Yes, was just thinking something along these lines... Initial PR incoming. This makes me also want to think through if there are any other obvious places this kind of issue might pop up in Skye and ideal.
should you want to save some work (or maybe it just adds some work), here are all the fundamental derivatatives:
% more eosfxt_radiation.f90
! pressure in erg/cm**3
prad = asol * third * temp * temp * temp * temp
! first derivatives
dpraddd = 0.0d0
dpraddt = 4.0d0 * prad * tempinv
dpradda = 0.0d0
dpraddz = 0.0d0
! second derivatives
dpradddd = 0.0d0
dpradddt = 0.0d0
dpraddda = 0.0d0
dpradddz = 0.0d0
dpraddtt = 4.0d0 * asol * temp * temp
dpraddta = 0.0d0
dpraddtz = 0.0d0
dpraddaa = 0.0d0
dpraddaz = 0.0d0
dpraddzz = 0.0d0
! energy in erg/gr
erad = 3.0d0 * prad * deninv
! first derivatives
deraddd = -erad * deninv
deraddt = 3.0d0 * dpraddt * deninv
deradda = 0.0d0
deraddz = 0.0d0
! second derivatives
deradddd = -2.0d0 * deraddd * deninv
deradddt = -deraddt * deninv
deraddda = 0.0d0
deradddz = 0.0d0
deraddtt = 3.0d0 * dpraddtt * deninv
deraddta = 0.0d0
deraddtz = 0.0d0
deraddaa = 0.0d0
deraddaz = 0.0d0
deraddzz = 0.0d0
! entropy in erg/g/kelvin
! from the first law e + P/rho = T*s + mu_rad * n_rad [erg/g/K]
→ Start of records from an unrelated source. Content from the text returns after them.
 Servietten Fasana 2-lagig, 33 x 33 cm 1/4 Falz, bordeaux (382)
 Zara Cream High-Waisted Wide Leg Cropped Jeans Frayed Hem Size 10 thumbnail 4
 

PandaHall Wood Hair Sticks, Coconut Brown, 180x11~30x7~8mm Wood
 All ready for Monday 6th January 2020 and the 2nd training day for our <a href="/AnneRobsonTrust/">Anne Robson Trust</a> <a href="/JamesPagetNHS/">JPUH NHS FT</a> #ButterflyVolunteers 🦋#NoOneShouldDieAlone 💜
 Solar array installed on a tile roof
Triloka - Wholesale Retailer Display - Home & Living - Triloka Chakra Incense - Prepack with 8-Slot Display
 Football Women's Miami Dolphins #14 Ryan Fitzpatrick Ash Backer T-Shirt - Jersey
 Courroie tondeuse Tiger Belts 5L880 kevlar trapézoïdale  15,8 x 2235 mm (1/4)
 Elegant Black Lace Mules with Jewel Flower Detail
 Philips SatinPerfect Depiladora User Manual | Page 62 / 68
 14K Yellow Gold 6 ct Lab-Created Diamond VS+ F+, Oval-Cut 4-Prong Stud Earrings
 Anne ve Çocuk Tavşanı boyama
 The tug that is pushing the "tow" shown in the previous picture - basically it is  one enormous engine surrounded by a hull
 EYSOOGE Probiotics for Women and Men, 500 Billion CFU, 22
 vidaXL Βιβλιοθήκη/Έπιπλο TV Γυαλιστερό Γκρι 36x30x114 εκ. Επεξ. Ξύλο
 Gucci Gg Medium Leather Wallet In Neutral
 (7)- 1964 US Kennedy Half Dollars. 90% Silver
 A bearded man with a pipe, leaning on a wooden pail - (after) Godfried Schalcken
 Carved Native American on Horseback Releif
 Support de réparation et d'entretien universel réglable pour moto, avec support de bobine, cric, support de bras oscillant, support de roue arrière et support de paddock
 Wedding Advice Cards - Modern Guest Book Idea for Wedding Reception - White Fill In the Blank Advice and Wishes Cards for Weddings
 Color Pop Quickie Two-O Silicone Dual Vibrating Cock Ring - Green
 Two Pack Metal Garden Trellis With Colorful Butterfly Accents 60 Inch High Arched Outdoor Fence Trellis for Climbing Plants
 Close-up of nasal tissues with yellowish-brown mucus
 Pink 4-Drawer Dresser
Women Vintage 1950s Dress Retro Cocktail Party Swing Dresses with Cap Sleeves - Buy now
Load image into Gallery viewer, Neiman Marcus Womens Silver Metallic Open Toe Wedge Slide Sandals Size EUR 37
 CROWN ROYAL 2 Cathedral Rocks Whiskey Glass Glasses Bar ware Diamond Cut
! with zero chemical potential for photons
srad = (prad*deninv + erad) * tempinv
! first derivatives
dsraddd = ((dpraddd - prad*deninv)*deninv + deraddd) * tempinv
dsraddt = (dpraddt*deninv + deraddt - srad) * tempinv
dsradda = 0.0d0
dsraddz = 0.0d0
! second derivatives
dsradddd = ((dpradddd &
- (2.0d0*dpraddd - 2.0d0*prad*deninv)*deninv)*deninv &
+ deradddd) * tempinv
dsradddt = ((dpradddt - dpraddt*deninv)*deninv &
+ deradddt - dsraddd) * tempinv
dsraddda = 0.0d0
dsradddz = 0.0d0
dsraddtt = ((dpraddtt*deninv+deraddtt-dsraddt)-dsraddt)*tempinv
dsraddta = 0.0d0
dsraddtz = 0.0d0
dsraddaa = 0.0d0
dsraddaz = 0.0d0
dsraddzz = 0.0d0
where deninv = 1/rho and tempinv = 1/T (do those divisions only once).
other obvious places this kind of issue might pop up in Skye and ideal.
anytime radiation dominates, many other quantities become nonsense because Prad, Erad, and Srad are large. for example, when ions or electrons set the correct derivatives they get completely swamped by the radiation terms.
The fix in #591 seems to work nicely for
bravo! left a PR comment on erad and srad.